Actually, the terms that Apple uses is “on-device personalization” instead of “on-device training”. We should look at this as at adding slight changes to the existing machine learning model. The changes are made personally for the user and tailored to their data. Training from scratch on the device would be too much. Usually, such training is run on separate servers for a huge amount of time. So, the model we want to use for this case should already be working fine or at least be pre-trained with some relevant data.

It’s also worth emphasizing that it’s more about doing some small improvements for one model personally for each user than about gathering feedback from different users and improving the model overall. We are tweaking some model behaviour for each user personally on each device and each model is going to be different.

Why is it worth using?

Privacy
The model never leaves the device. We do not need to send data anywhere for retraining. The user can be sure that their privacy is ensured.
No need for a server
We do not need to find and pay for a server.
No need for an Internet connection
Everything is done offline on the device.

If you think about it, these are the same pros that Core ML has. So, using this feature for personalizing the model will let you take advantage of them.

What to consider before using it?

Backing up the model
The model stays on the device, which is great. However, what if the user deletes the app and reinstalls later? They will lose the new version of the model unless we take care of that by sending it somewhere and later downloading it.
Adding a new version of the model
If the model stays and retrains on a device, what if we want to change it for a new model, let’s say an improved one (not personalized)? If we do that, the user will also lose all the personalized parts of the model and will need to start from scratch.
iOS 13+
Updatable models will work only for devices running iOS 13 or higher. Usually we support those earlier versions too.
Machine learning limitations
Only two types of models can be marked as updatable:

k-Nearest Neighbor (k-NN)
Neural Network (NN)

When it comes to NN, there are more limitations as for which layers can be marked as updatable and which loss function or optimizer can be used.

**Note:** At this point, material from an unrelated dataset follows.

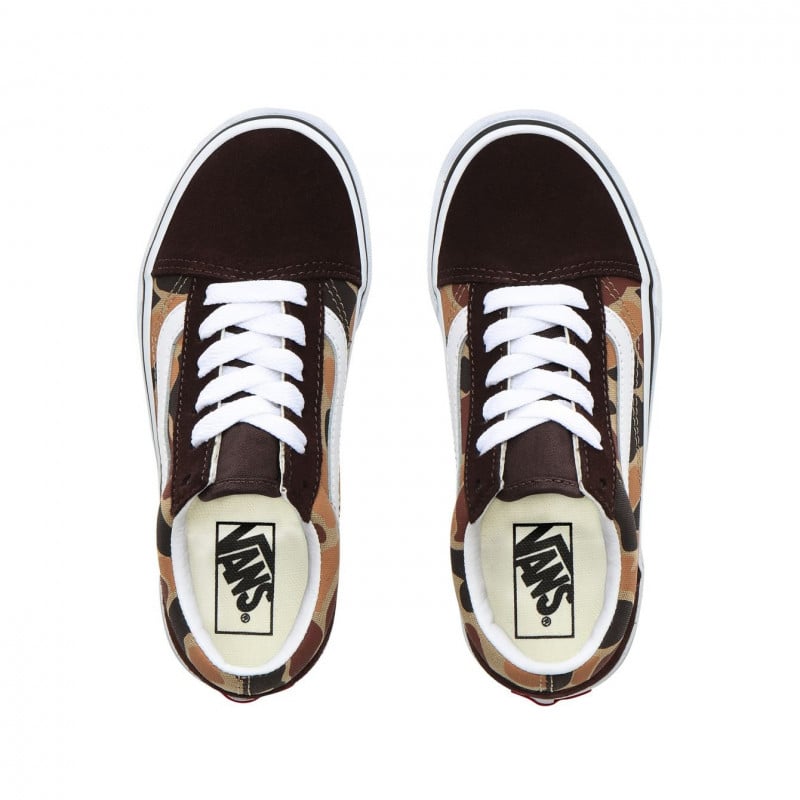 Vans Old Skool Kids Shoes (Vintage Camo) Chocolate torte/True White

Disclaimer: While writing this disclaimer the first thing I remembered are phrases like: “You should not attempt these exercises without first consulting your doctor.”. Well, I wanted to emphasize here just in the same way the machine learning thing. If you want to create a highly effective machine learning model and use it in a production-ready application, the whole blog post should be revised. Everything here is presented for educational purposes and real use cases are usually much more complex.

How do we enable training on the device?

First things first - we need a model of one of the above-mentioned types. Then we can use coremltools to convert it to a .mlmodel file and mark it as updatable. In the case of Neural Networks we should choose the exact layers that should be marked as updatable, which means the ones that will be retrained. Usually, you would want to only mark the last ones as such, but it depends on the neural network architecture used. The whole retraining process would too much for a phone. The model should also have a loss function, an optimizer, and parameters such as the number of epochs.

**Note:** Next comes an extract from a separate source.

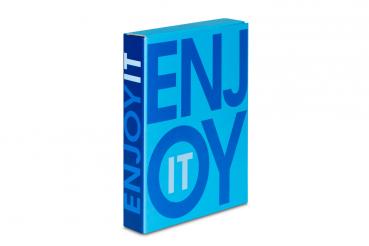 Dokumentenmappe "ENJOY IT" / Ablagebox  / Heftbox / A4 / Farbe: blau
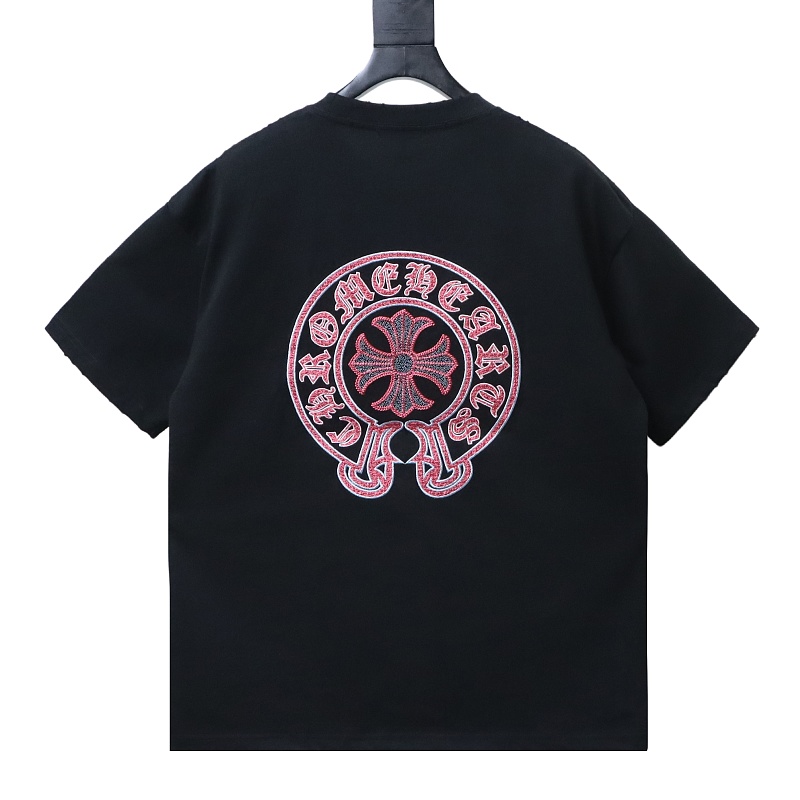 Chrome Hearts Scroll Sanskrit Heavy Craft Embroidered Short Sleeve T-Shirt Style 2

There is one updatable model that we can download on Apple’s site - UpdatableDrawingClassier. It takes a drawing (an image) as an input and returns a label for it.

Coremltools offer a set of example scripts which you can run and create an updatable model.

The updatable model in Xcode will have new sections: Update and Parameters.

k-Nearest Neighbor vs Neural Network

Oops, did I just say that I wouldn’t be going in depth into ML topics? Well, I think it is a must to address the difference between these two and which one to choose, even if you are only experimenting. k-NN is generally simpler and easier to train, no matter if we are talking about a mobile device or not, because it’s basically about memorizing data rather than learning. However, neural networks are more powerful and can grant us better results. k-NN requires few training examples per class and it’s relatively easy to constantly add a new number of classes. NN needs a lot of data per class for training and you need to add those at the beginning. Adding classes on the go is usually not a great idea as it would require you to retrain the whole model.

For example, if we would like to add one more label to our healthy lunch model, let’s say to add “pancakes” to those “healthy” and “fast food” labels, in the k-NN case it’s not a problem, while with NNs it’s harder to do.

On it’s presentation WWDC video Apple shows an example of a k-NN updatable usage model. In the next section we will go quickly through it. However, for testing NN usage, I’ve created a brand new model for the HealthyLuncher app.

Let’s take a look on k-Nearest Neighbor case

For this one I’ve just downloaded the ready to use UpdatableDrawingClassier model. I decided to create my own app with that. I won’t be attaching code in this case. Apple has released their PersonalStickers app along with documentation for the whole process, which they presented at WWDC, where you can see how everything is done. The app replaces the user’s drawings with emojis which the user has previously defined, so with which they taught the model.

Briefly, the updating process consists of the following steps:

Wrap your data.
In the example app the user should draw three images and choose one emoji. That data should be firstly wrapped up to MLFeatureValue, then to MLFeatureProvider, and the last step - initialize the MLBatchProvider with it.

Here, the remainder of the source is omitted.